Sunday, December 9, 2018

A Credit Bear Market Has Started



Morgan Stanley: "A Credit Bear Market Has Started And Will Be Painful"
Authored by Vishwanath Tirupattur, Morgan Stanley's head of Fixed Income Research


As the Cycle Turns… 
It is that time of the year again – time to review how the year has been and for strategists like us to return to the occupational hazard of crystal ball-gazing about the prospects for next year. Corporate credit markets, particularly in the US, are heading to a notably negative return year. Notable because it is a dramatic reversal of fortunes from a year ago and coming in a year of strong growth in the US economy, with defaults and ratings downgrades at rather benign levels. It is worth noting that this reversal of fortunes is precisely what our US credit strategists had predicted for this year. They now expect this bearish turn to continue in 2019. 
The tricky handoff from quantitative easing (QE) to quantitative tightening (QT) that is under way is central to the cracks that have appeared across risk markets and credit markets in particular. Global QE provided the necessary conditions for corporations to lever up, which is exactly how they responded.
Outstanding US corporate credit market debt has more than doubled from US$3.2 trillion in 2008 to well over US$7 trillion today, with the biggest chunk of it coming in the BBB portion of the credit curve, the lowest rung of investment grade ratings. High debt growth has translated to high leverage – BBBs with 31% of BBB debt leveraged at or above 4.0x.

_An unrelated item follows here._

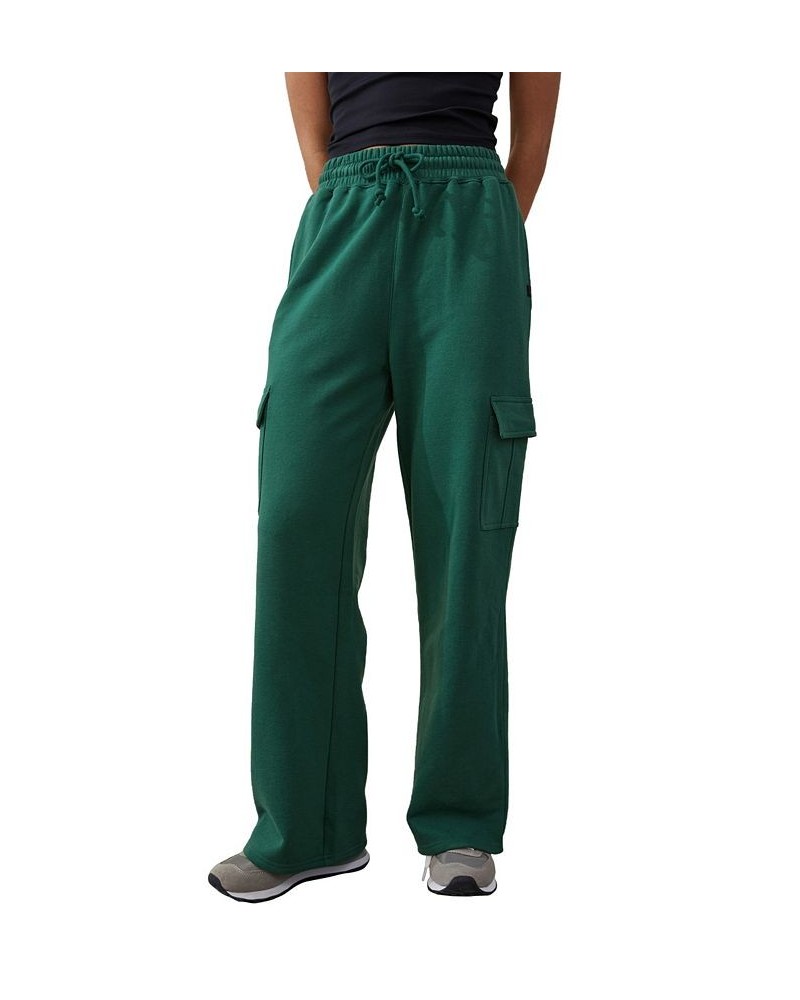 Women's Plush Wide Leg Track Pants Green $29.69 Pants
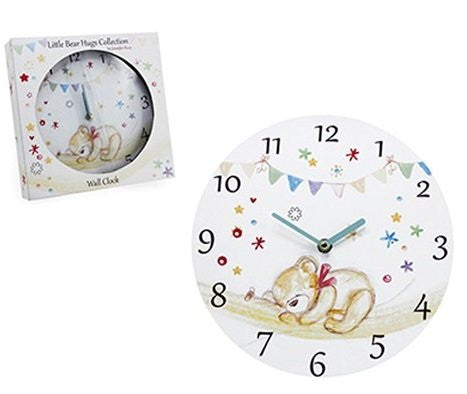 Little Bear Hugs Beautiful Glass Clock by Jennifer Rose Designs - Image 1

The consequence of this shape of evolution of the credit cycle is that the large systemic dimension of the last crisis would be much less pronounced and what we will realise is a more garden-variety credit cycle turn, something credit investors have more experience in dealing with. That said, no doubt a cycle turn is coming, and this bearish turn will be painful for credit investors, in our view. 
The silver lining is that investor complacency is lower and valuations have gotten cheaper in the last few months. Even if the consensus has embraced the idea that end-of-cycle risks are rising notably, at the least, sentiment is much less uniformly bullish than it was at the beginning of 2018. That said, the credit bear market has started, and until valuations have truly priced in long-term fundamental risks, our advice is that investors should use rallies to move up-in-quality. Have a great Sunday.